What Triggers a
Panic Attack?

Do you know what triggers a panic attack? While many triggers are commonly shared, the complete answer will be different for everyone, and the real reason, hidden in the shadows.

When I first started to genuinely consider that my misery was due to anxiety and panic, my list of triggers was relatively short.  And yes, I fought the idea for years, insisting to family, friends, and doctors that I was not stressed, that this was "definitely not just anxiety"... as I was convinced that there was something physically very wrong with me. I was also extremely frustrated that no one believed how 'off' I felt, and the fact that they didn't seem to want to really understand.

As I began to look for ways to avoid having a panic attack, I at first became increasingly less tolerant of changes in the environment. I didn't understand that my body was stuck in survival mode and that my mind was constantly on high alert, and my intense focus on everything 'out there' was actually making things worse.

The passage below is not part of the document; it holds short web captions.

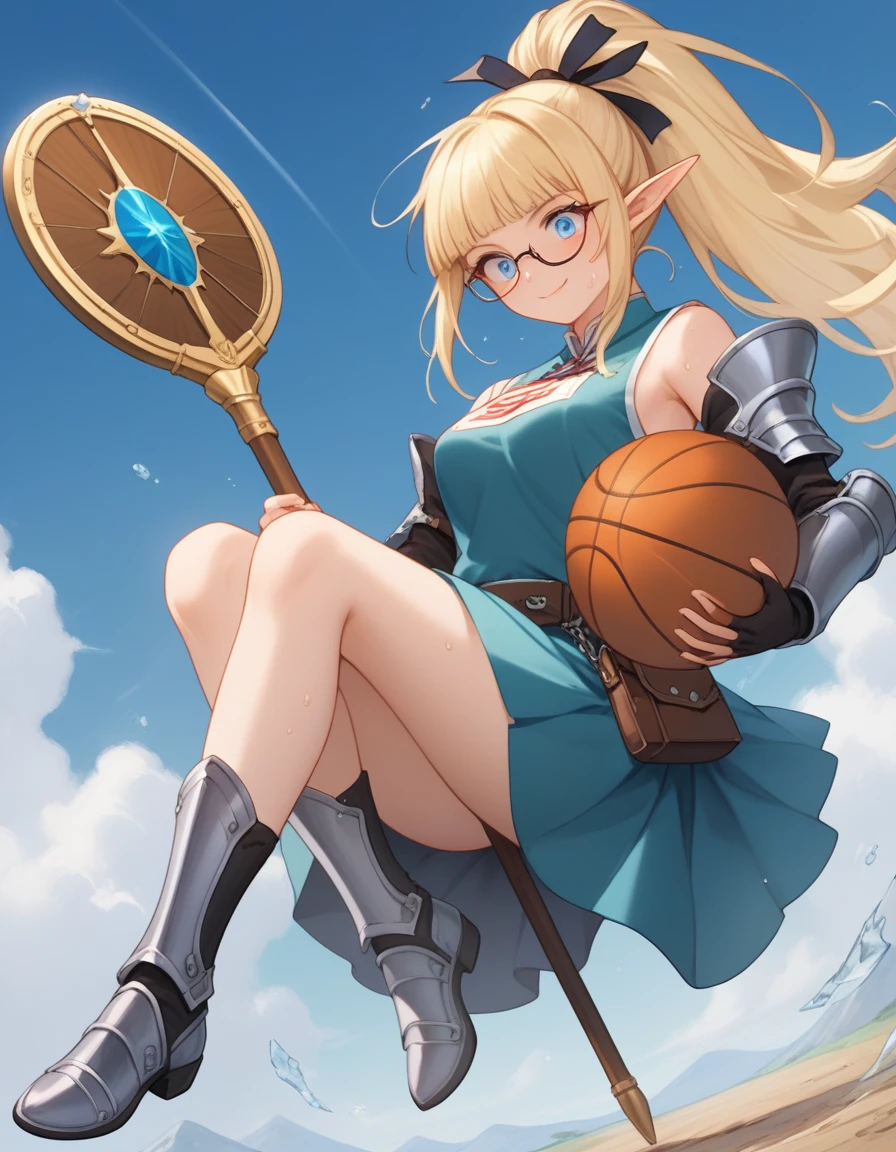 Solo, Score_9, score_8_up, score_7_up, kemono style, Kimiko, thin tall elf woman, solo, blonde hair , pony tail hair style, puzzled face, sweat, glowing blue eyes, full body shot, attractive smile, perfect slim body, wearing a chain tabard, blue armored skirt, metal armored boots, circular glasses, visible arms, gauntlets with ice on them, carrying a large magical staff, holding a map in one hand. Face is confused, puzzled expression, mid angle shot, one hand holding map, one hand throwing a basketball behind her. looks lost, in magical academy, hair is up in ponytail, adult female, long legs.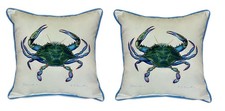 Pair of Betsy Drake Beige Male Blue Crab Large Pillows 18 Inchx18 Inch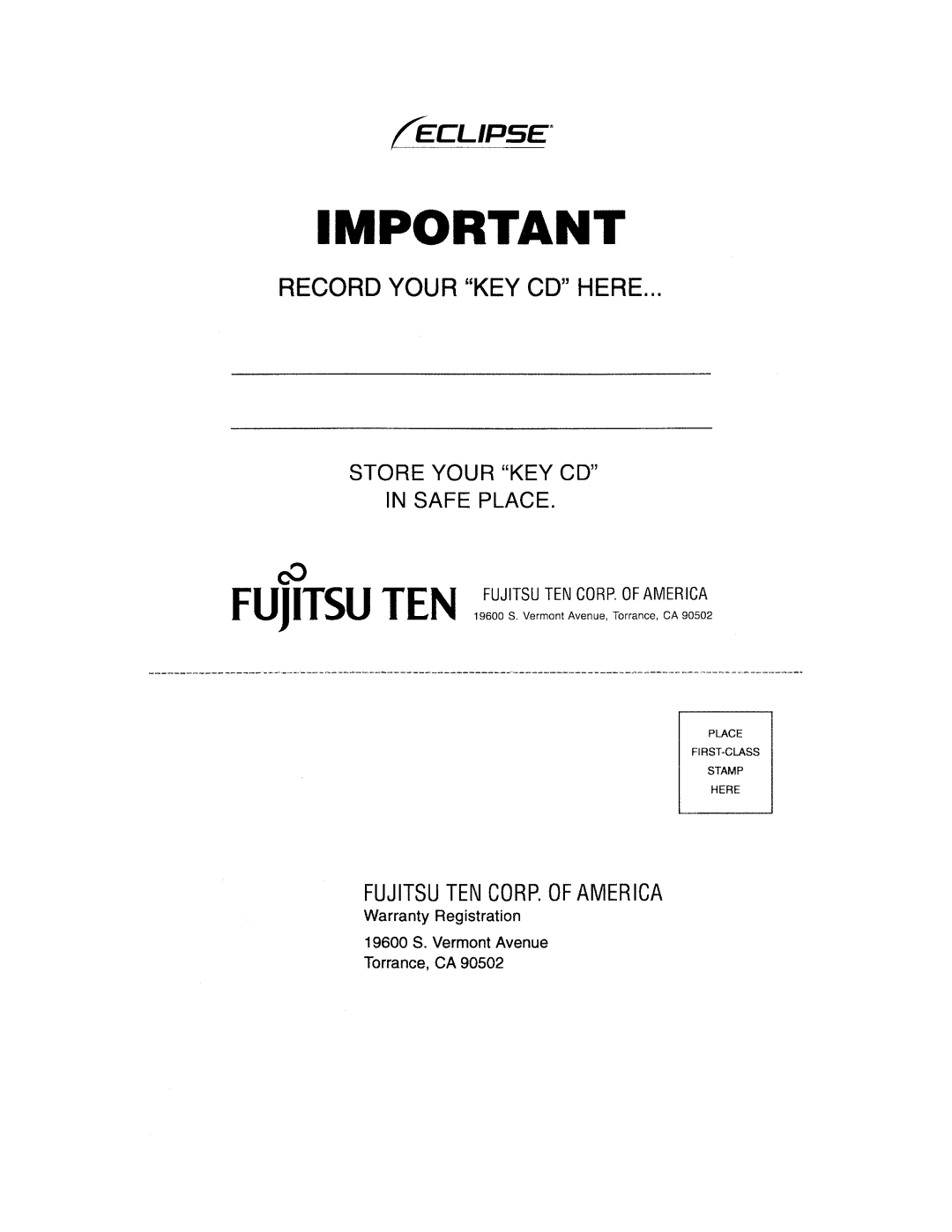 Eclipse - Fujitsu Ten CD1000 manual 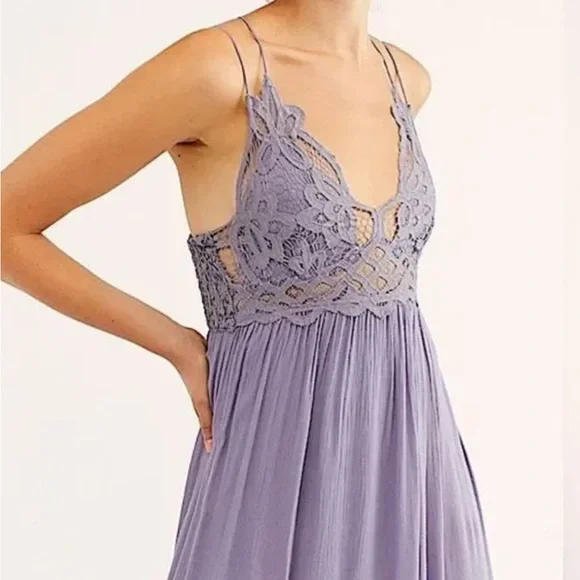 Free People Adella Maxi Dress Size Small Lace Maxi Dress in Dark Gray Boho Chic - Picture 2 of 15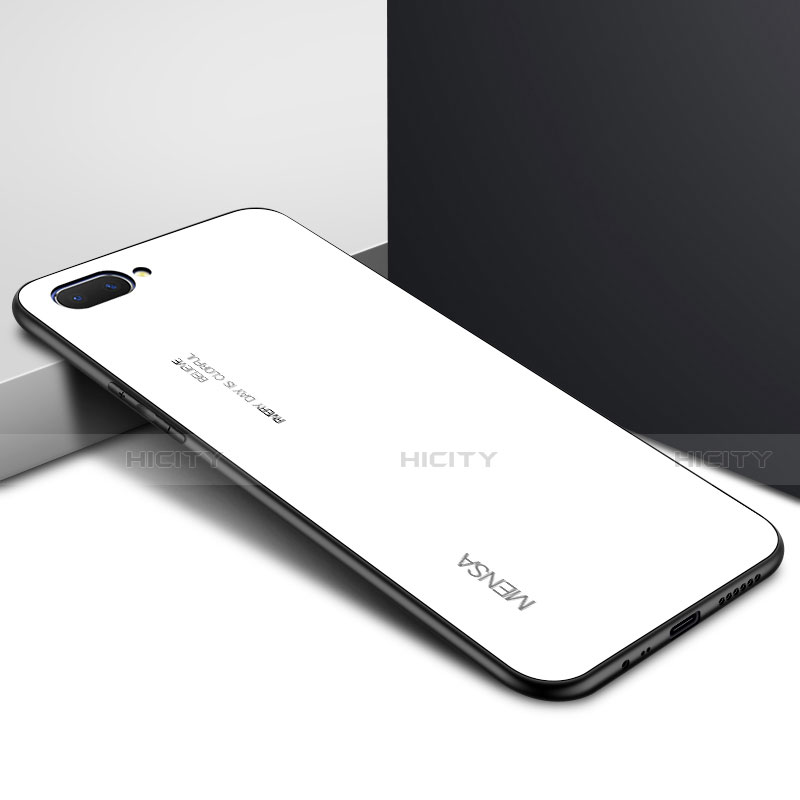 Custodia Silicone Specchio Laterale Cover per Oppo AX5 Bianco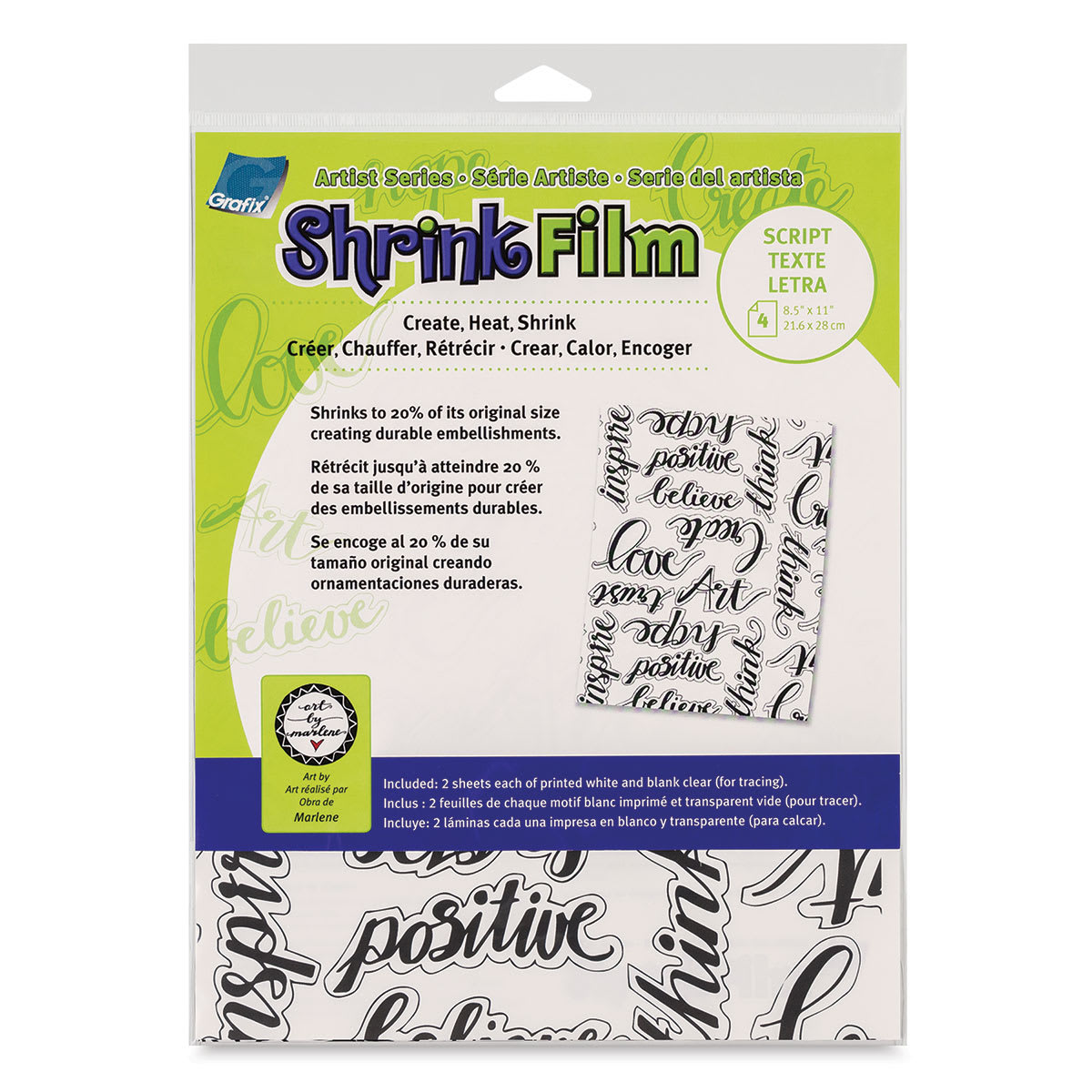 Grafix Artist Series Shrink Film - Script Design by Art by Marlene, front of the packaging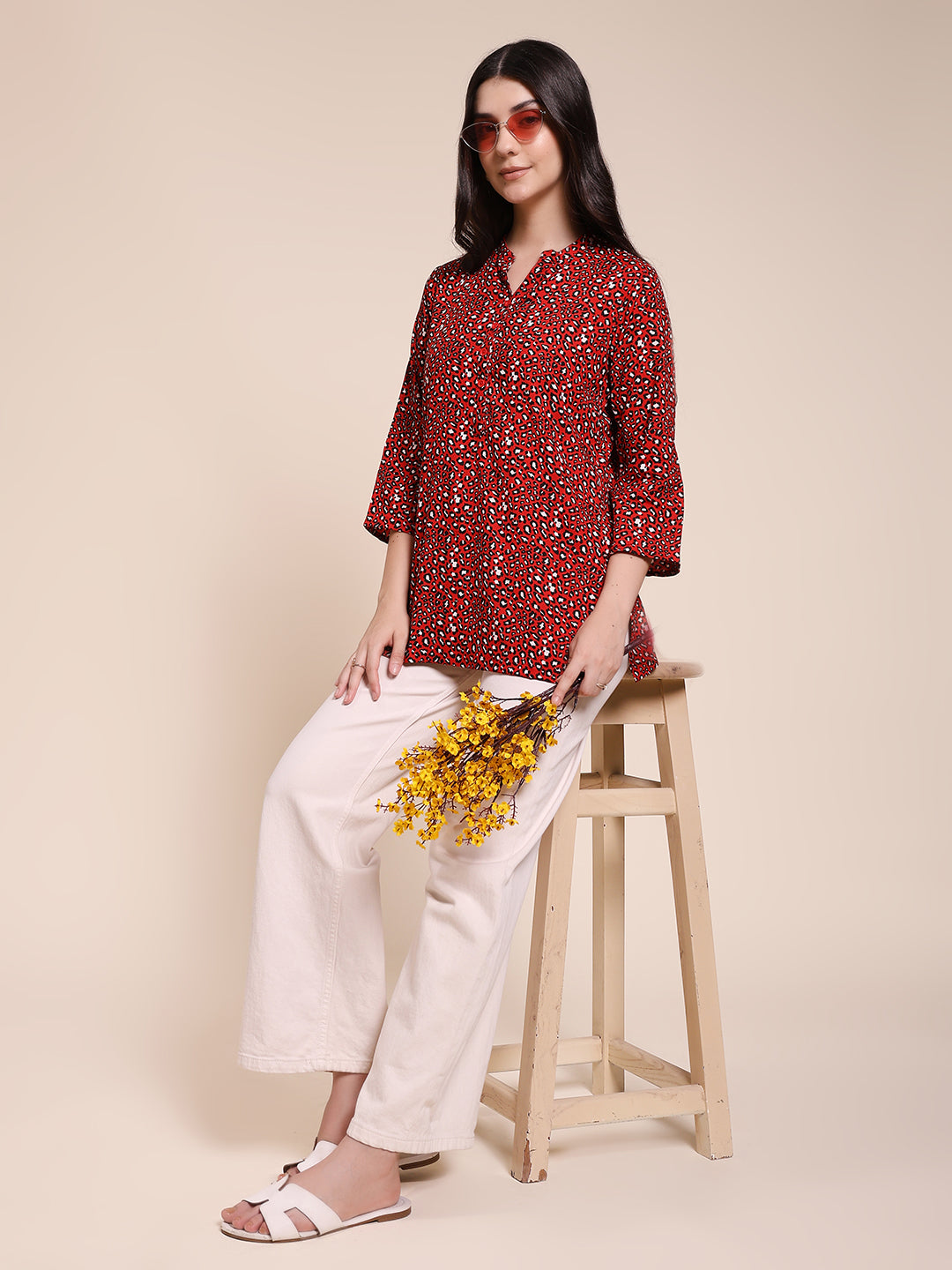PLEASTED LEOPARD RED TOP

It meant that I was hyper alert to everything: physical sensations, sounds, etc. The tiniest change in the environment, whether it was in the environment of my body or the surrounding environment I happened to be in, would set off a chain of events, physical reactions, that I had little to no control over.

At first, I just avoided what triggered me, but that tactic very quickly began to interfere with my daily routine. Going to the grocery store became a major hurdle! I had to plan when I was going (not too crowded, not completely empty) and eat at 'the right time' before I went (and the 'right' foods). If I ate too early, I might get hungry and get triggered into panic by low blood sugar. If I ate then left the house right away, I might feel too full while driving or walking around the store and panic from the discomfort.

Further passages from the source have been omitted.